WHAT THE TASK ASKS: From the line that holds "Restaurante Bodas El Duque Gijón Jardines" to the last line below, retype everything exactly and nothing else; omit pictures.

SUPPLIED MATERIAL:
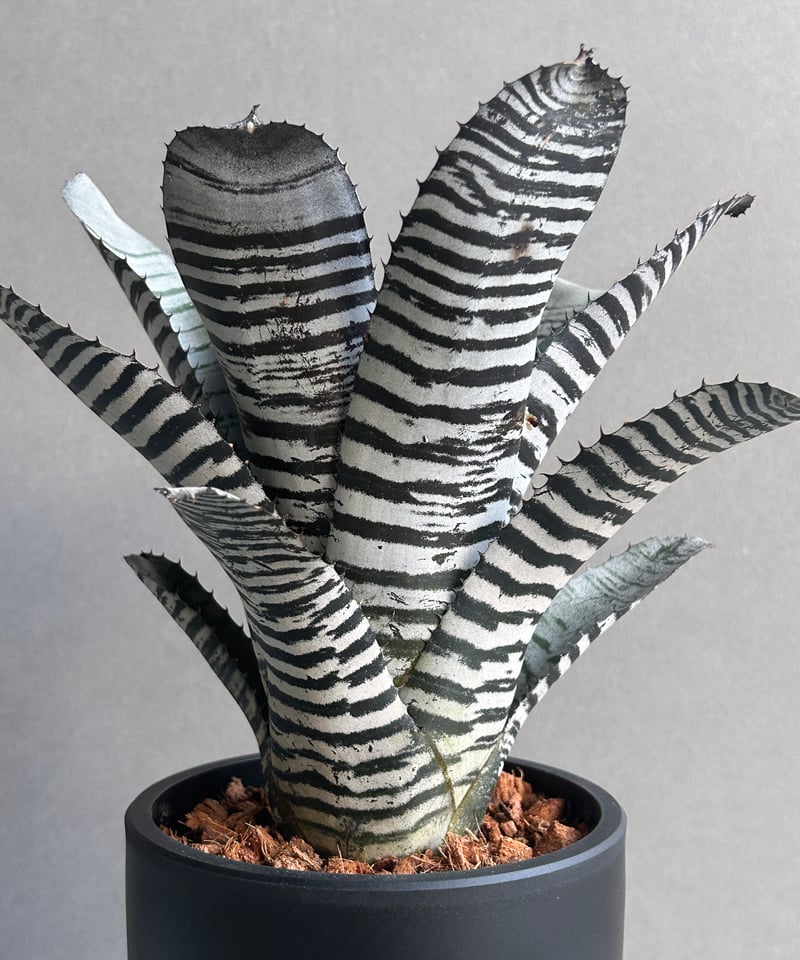 エクメア チャンティニーブラックセレクト 【公式通販】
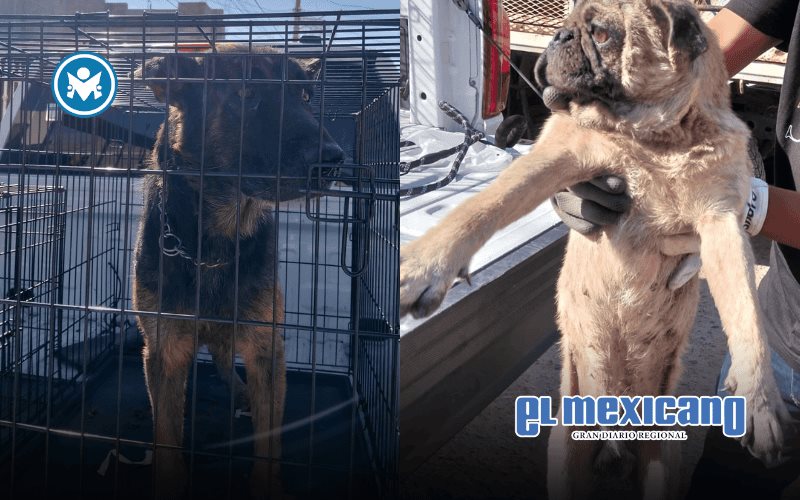 Rescatan a dos perros v&iacute;ctimas de maltrato en Villas Residencial del Rey 1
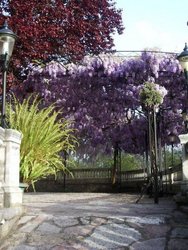 Restaurante Bodas El Duque Gijón Jardines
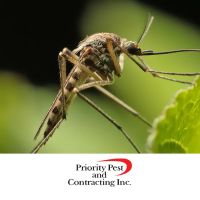 Priority Pest & Contracting, Inc ico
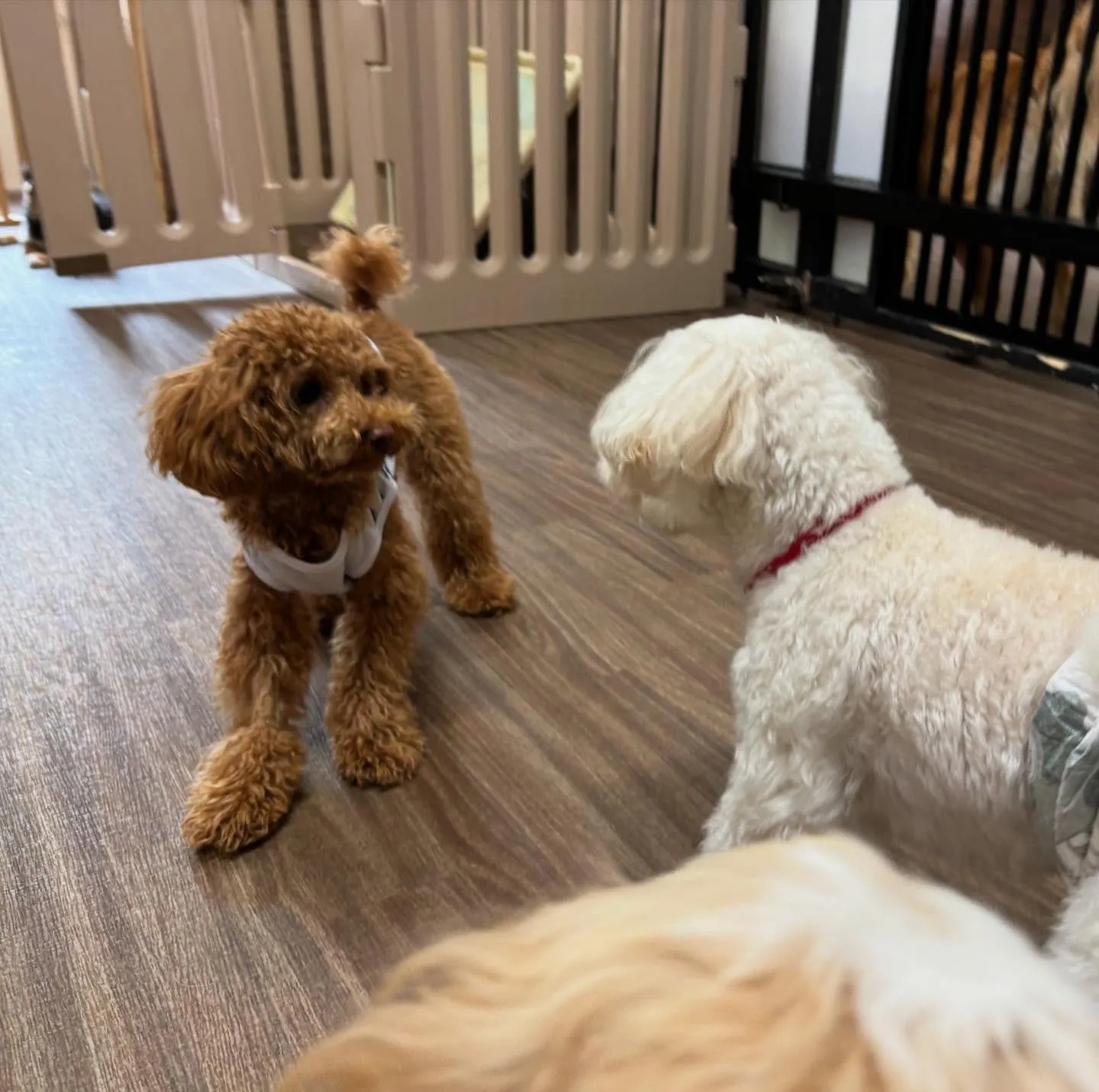 先月アップしきれなかったトリミングわんこたちです🐾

ANSWER TO THE EXERCISE:
 Restaurante Bodas El Duque Gijón Jardines
 Priority Pest & Contracting, Inc ico
 先月アップしきれなかったトリミングわんこたちです🐾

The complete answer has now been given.